Artículo de Paco Romero
Instigado, incitado, casi azuzado por mi buen amigo Ernesto, por fin decidí este año “hacer las Asturias” que, en familia, me venía reclamando desde hace 22 años, justo el tiempo que me honra con su amistad.
Y la verdad es que mereció muy mucho la pena.
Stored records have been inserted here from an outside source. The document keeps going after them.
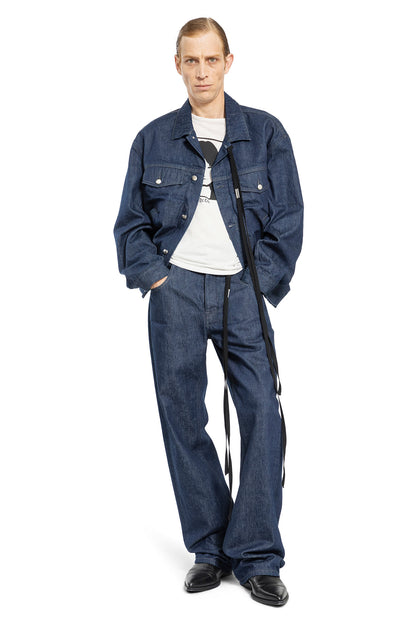 ANN DEMEULEMEESTER MAN BLUE JEANS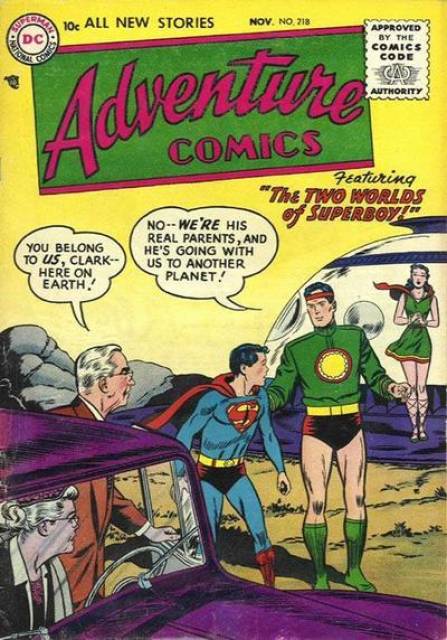 Adventure Comics (1935) no. 218 - Used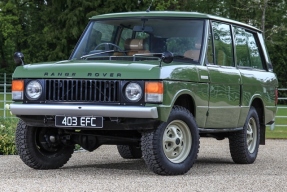 1973 Land Rover Range Rover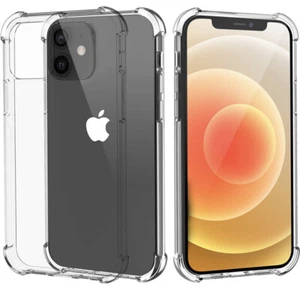Case for iPhone 11 12 13 Pro Max Mini 7 8 SE XR X Silicon Shockproof Phone Cover - Picture 1 of 6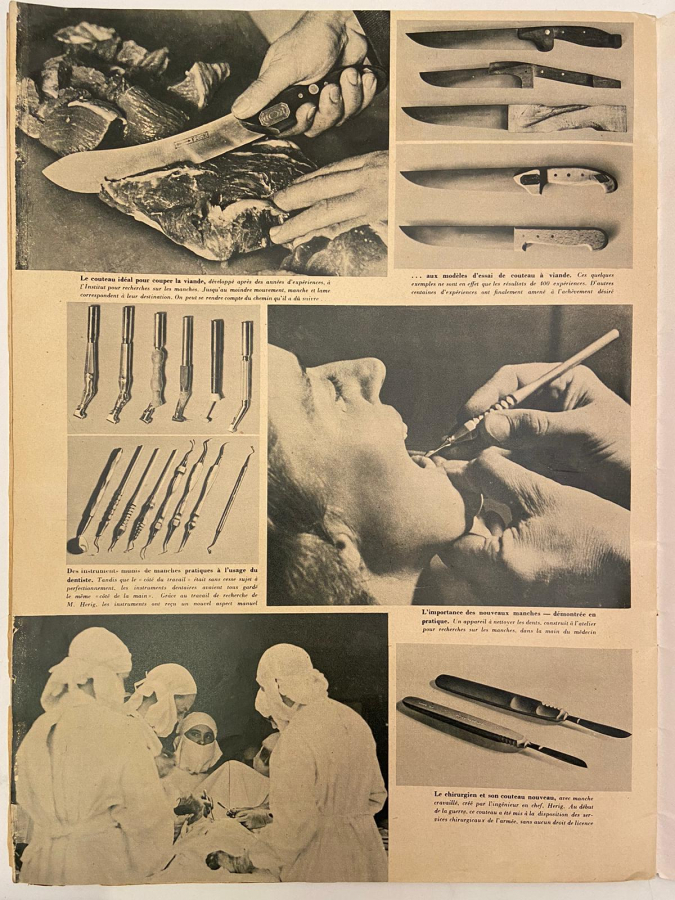 1941 FRANSIZ BASIMI 2. DÜNYA SAVAŞI SİGNAL NAZİ PROPAGANDA HİTLER DERGİSİ SECOND NUMERO JANVİER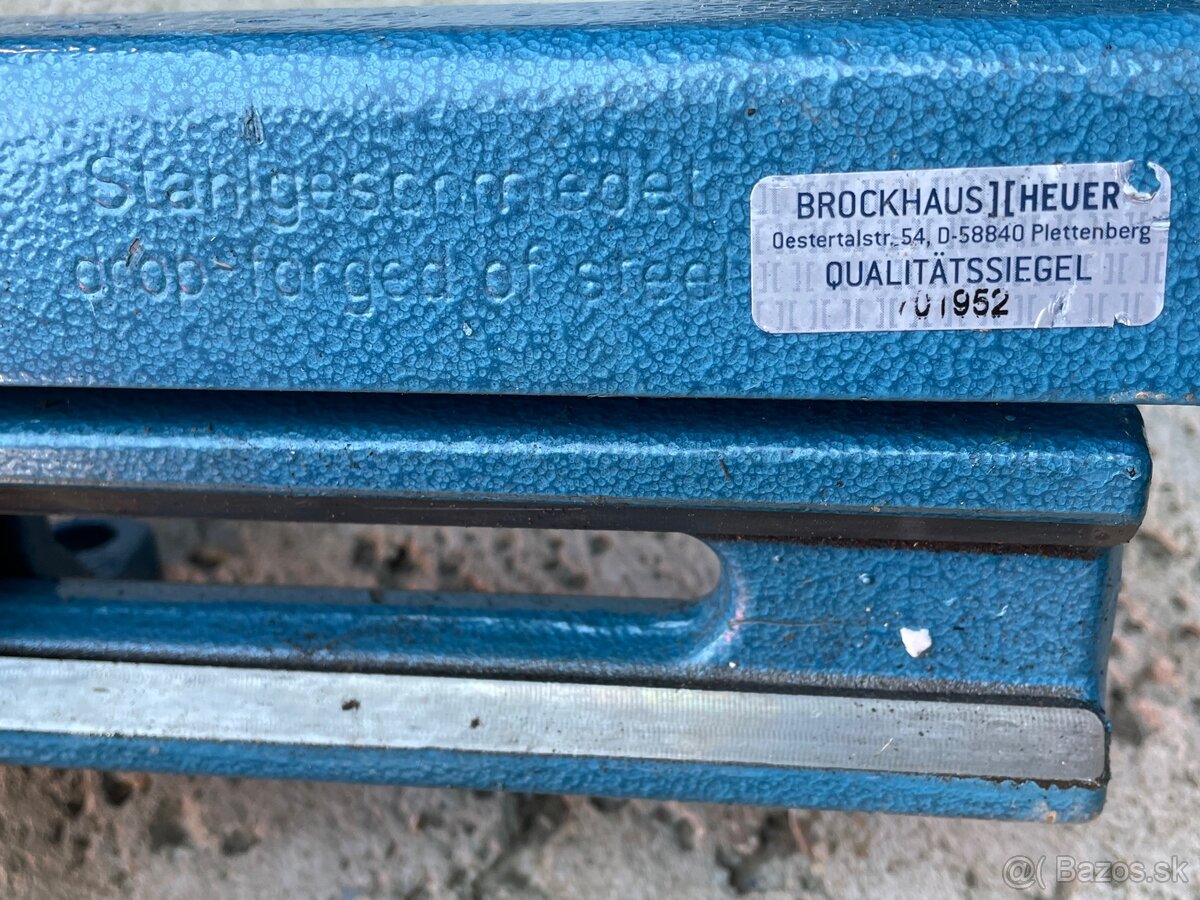 Predám nový veľký zverák Heuer - 4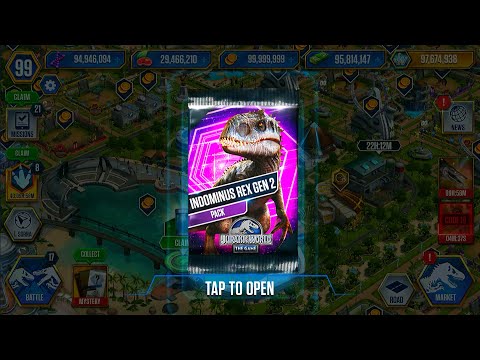 INDOMINUS REX GEN 2 PACK SUPERSAURUS TOURNAMENT | JURASSIC WORLD THE GAME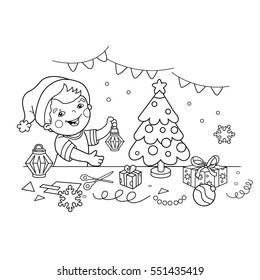 cartoon making coloring pages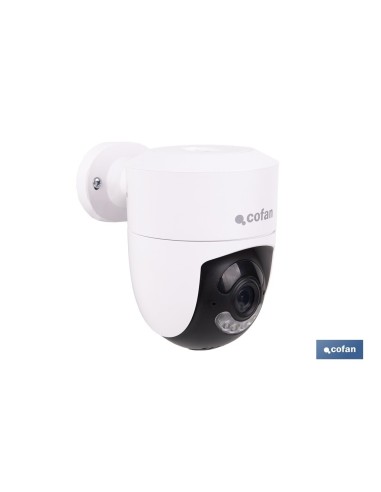 CAMARA DE VIGILANCIA INTERIOR Y EXTERIOR CON WIFI
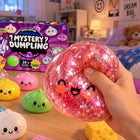Kalendarz Adwentowy Dumpling Squishy Gniotki 24 Dni Prezent Niespodzianka stojący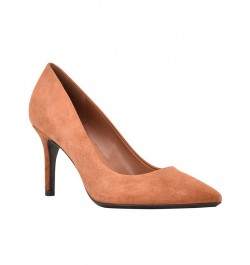 Women's Gayle Pointy Toe Classic Pumps PD09 $55.93 Shoes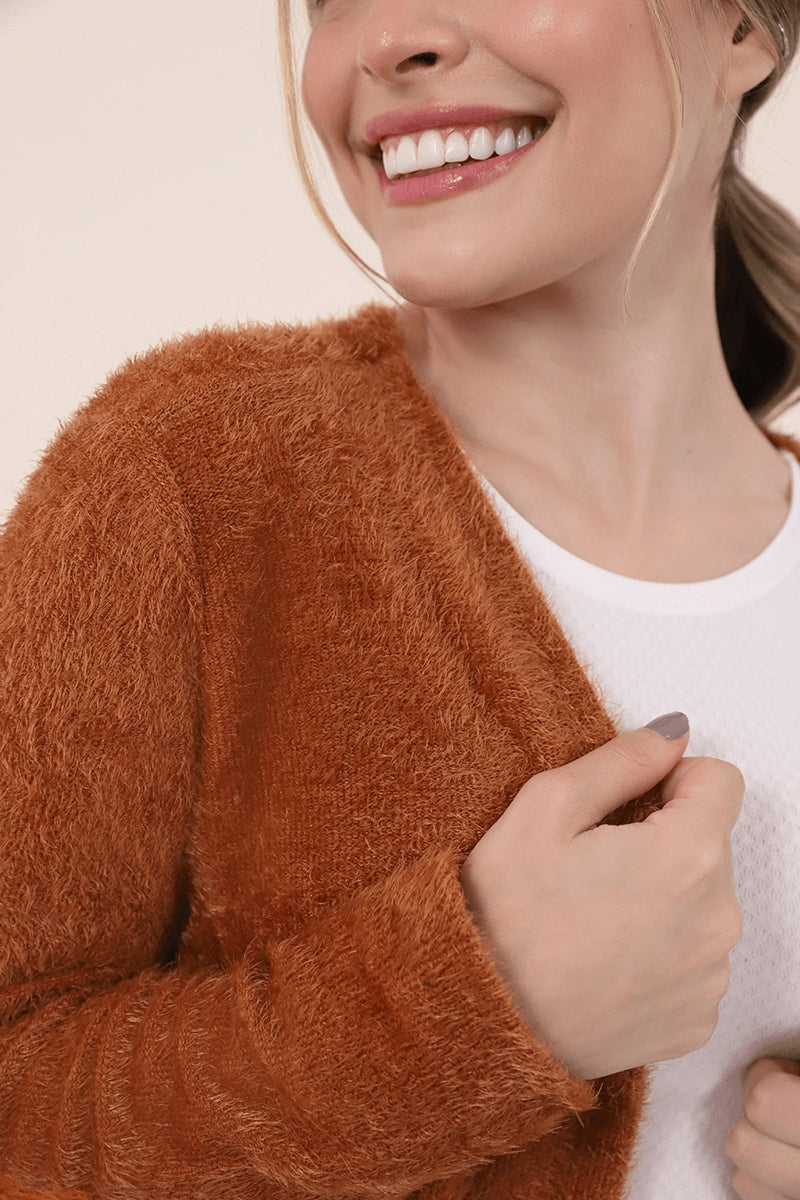 Cardigan Fio Pelo Scala LD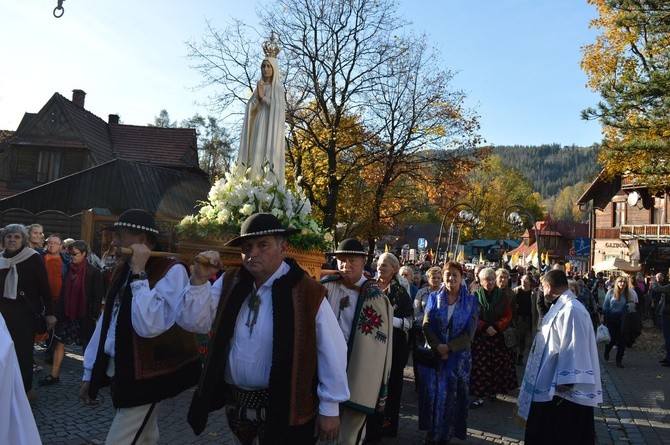 Procesja fatimska pod Tatrami 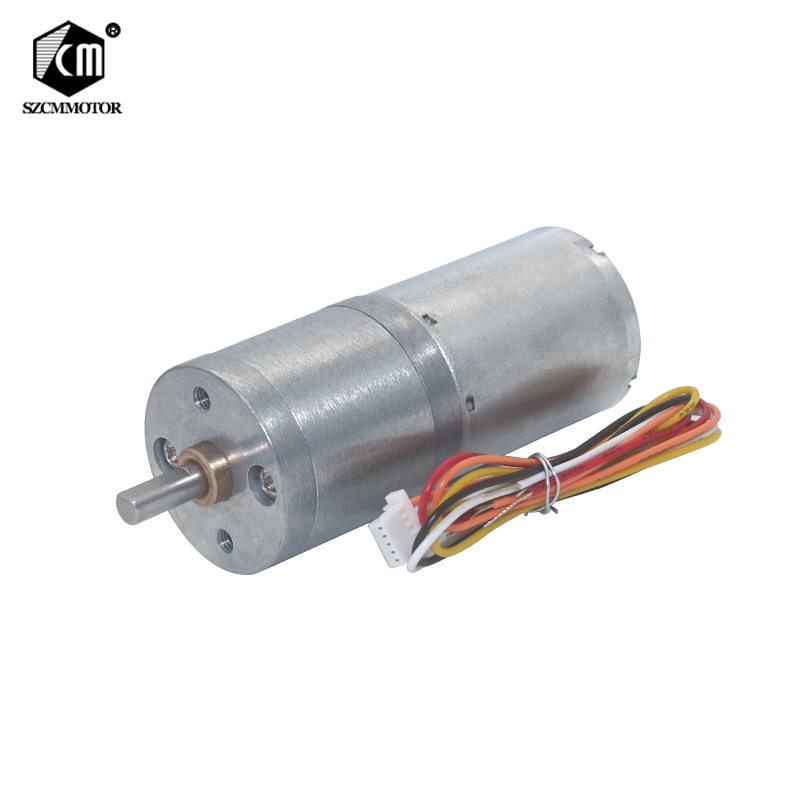 JGA25-2430 gallop motor DC decelerated motor 12V24V brushless DC motor long life noise small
Aunque la había visitado en momentos tan puntuales como efímeros, no es lo mismo adentrarse en las regiones más septentrionales de la península ibérica (también recorrimos en parte la singular Cantabria) atendiendo a los dictados de la “Enciclopedia Álvarez”, o de los libros de Historia de cuarto de bachillerato, que haciendo patente a través de los cinco sentidos (nunca mejor dicho) todo cuanto los textos de la niñez y de la adolescencia resaltaban de -las por entonces- aquellas lejanas tierras: recorrer sus impolutas ciudades, disfrutar de sus cuidadas playas, contemplar sus colosales montañas, sus hayales, las descarnadas peñas que tocan el cielo, al son de las gaitas, de la dulce plática y del encanto de sus pobladores; respirar ese aire penetrante con olor a mar embravecido, jara, eucalipto o madera recién aserrada, compartiendo sublimes manjares del interior y de la costa cántabra en prolongadas y apacibles sobremesas… no tiene precio.
Que España es lo que es gracias a Don Pelayo no empece la
grandeza anterior y posterior de los nativos de aquellas latitudes: su pasado
prehistórico, de cuyo discurrir dejaron muestras en forma de arte sublime en numerosas
oquedades que en nada envidian a la “capilla sixtina del cuaternario” de la
vecina Santillana del Mar; la cultura castreña y de las tribus astures, la
presencia de Roma y de los Godos, la -casi- segura cuna y sepultura del prerrománico
que se mimetiza con el paisaje, la compacta y espesa arquitectura románica hermanada
con los intentos del gótico primigenio; las huellas, en fin, de valerosos enfrentamientos
en sus desesperados y gloriosos intentos para no doblegarse ante el enemigo al
que identifica sin remilgos (su ADN les hace fruncir el ceño cuando se le
refiere aquello de la “alianza de las civilizaciones”).
Vivir Asturias y sus fiestas populares, engalanadas sus
calles y balcones con banderas rojigualdas y azulinas adornadas con la Cruz de
la Victoria; henchidos de orgullo, entre culín y culín de sidra, rodeados de sus
jubilosos, cercanos y joviales oriundos sempiternamente abrazados a su tierra,
de indianos -con suerte- repatriados merced a las “bondades” del Che o de los
hermanos Castro, proporciona un chute de españolidad que,
necesariamente, ha de aportar fuerzas más que suficientes para perseverar en la
querella diaria por la recomposición de esa España que, pese a intentos constantes, se resiste a morir y que -de
verdad- merece la pena.
“Asturias es España y el resto tierra conquistada”, dicen sin prejuicios ideológicos sus nativos de izquierdas, de derechas o mediopensionistas.